Ali logo depois, ou junto com as faltas, as coisas as vezes se misturam e é difícil dar uma ordem cronológica aos fatos, não há clareza, mas vou prosseguir. Nesse momento das faltas, veio o mofo na louça de semanas atrás, e com ele o mau cheiro, que foi infestando os dois aos poucos, aqui mais uma metáfora de como chegamos ao fim sem quase nos dar conta. “os seres humanos tem uma enorme capacidade de adaptação”, e eles já tinham dado inicio ao processo de morte lentamente, como o gás da cozinha aberto sem chama. O CO2 vai envenenando pouco a pouco e nem percebemos.

As panelas que antes trabalhavam freneticamente em jantares a dois ou com os amigos, já estavam guardadas há algum tempo.

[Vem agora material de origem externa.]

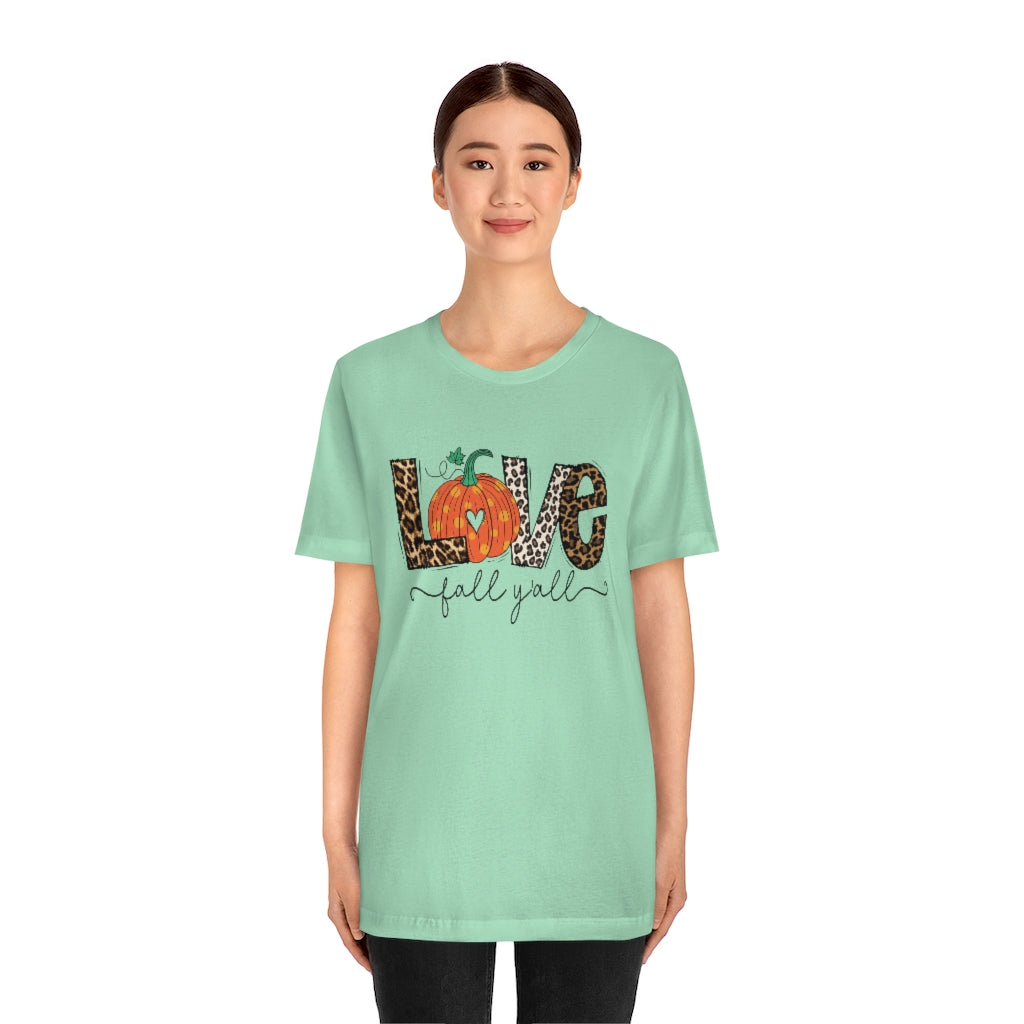 Love Fall Y’all Tee, pumpkin T Shirt, Leopard Print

Não se ouvia mais o barulho da cebola fritando, dos talheres batendo no prato, o humm da comida deliciosa, não mais beijos no pescoço quando se cozinhava. O tempo abaixa a poeira, e os moveis ficaram todos ocres, o colorido ficou monocromático. Aqui, eu, uma mera narradora da desgraça alheia gostaria de contar sobre o colorido. Eles pensaram juntos na decoração da casa, até chegarem a cores bem coloridas, verde, laranja, vermelho, azul, porque dizem que a tristeza é cinza, ou preto e branco, uma forma de cinza também, e a alegria é colorida. Eles passaram algum tempo pensando na cor que seria o balcão americano da cozinha, visitaram lojas de tintas, compraram os materiais e pintaram eles mesmos. Tudo tinha sido feito a dois, a quatro mãos, essas mãos agora quietas.

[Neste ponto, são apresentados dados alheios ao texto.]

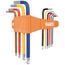 10 Piece Powder Coated Long Ball End Hex Key Set, SAE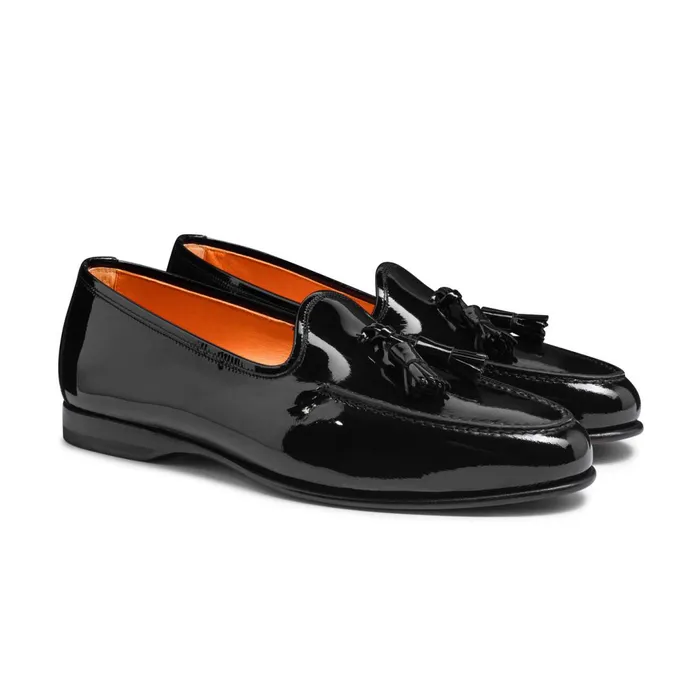 Santoni Black Patent Leather Andrea Tassel Loafer Men Loafers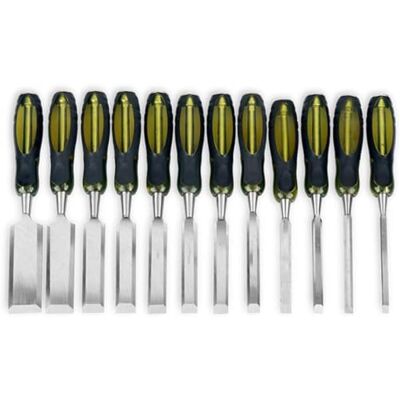 ABSJDFD Professionelles Holzmeißel-Set, 12-teilig: Schnitz- und Holzbearbeitungsausrüstung mit Klingen aus Chrom-Vanadium-Stahl und ergonomischen Griffen (6-38 mm) ABSJDFD Professionelles Holzmeißel-Set, 12-teilig: Schnitz- und Holzbearbeitungsausrüstung mit Klingen aus Chrom-Vanadium-Stahl und ergonomischen Griffen (6-38 mm)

Agora posso falar do silencio, não sei se começo um novo tópico ou se faço do silencio uma extensão da paisagem mórbida do casal. Bem, façam como quiser, eu não vou tomar partido, apenas vou relatar.

O silencio já era perceptível, mas ele calou os dois, o silêncio cala as pessoas, não se pode deixá-lo a vontade. O silêncio que antes parecia apenas um respiro, passou a ser virgula, reticências, ponto, até que perdeu o sentido. O silencio entre duas pessoas só se nota se antes havia palavras, ou qualquer outra coisa que não se note o vazio, um tipo de nada. O nada permaneceu, e o tempo passou.

Carta suicida

O tempo passou e chegou o dia em que ela já estava com as malas prontas, ela rompeu o silencio dizendo que era chegada a hora de partir. A mala apareceu para ele como uma carta suicida, e com esse tipo de carta a imobilidade. Com o conteúdo básico da despedida, dos porquês, e de consolo a frase feita mundialmente conhecida, te amo.

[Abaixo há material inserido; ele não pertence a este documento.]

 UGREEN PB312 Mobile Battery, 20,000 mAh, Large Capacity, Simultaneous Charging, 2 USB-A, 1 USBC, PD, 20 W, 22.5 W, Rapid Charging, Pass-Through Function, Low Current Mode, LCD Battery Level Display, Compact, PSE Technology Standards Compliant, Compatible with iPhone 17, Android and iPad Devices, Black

Ele engoliu: o choro, a raiva, os planos, a esperança, a dor e paralisou intoxicado.

Explicação cientifica: o sangue venoso já tinha se espalhado por todo o coração, 2 aurículas e um ventrículo, e através das veias foi sendo levado ao resto do corpo, chegou até os pulmões e asfixiou, chegou até os olhos e cegou, calou, vomitou e paralisou. E como um leproso de coração não havia mais sensibilidade alguma.

Agora posso falar, não há remédio.

Fim.

* O ele e o ela não eram para ser autobiográficos, o mundo as vezes precisa de ficção, autobiografia dói.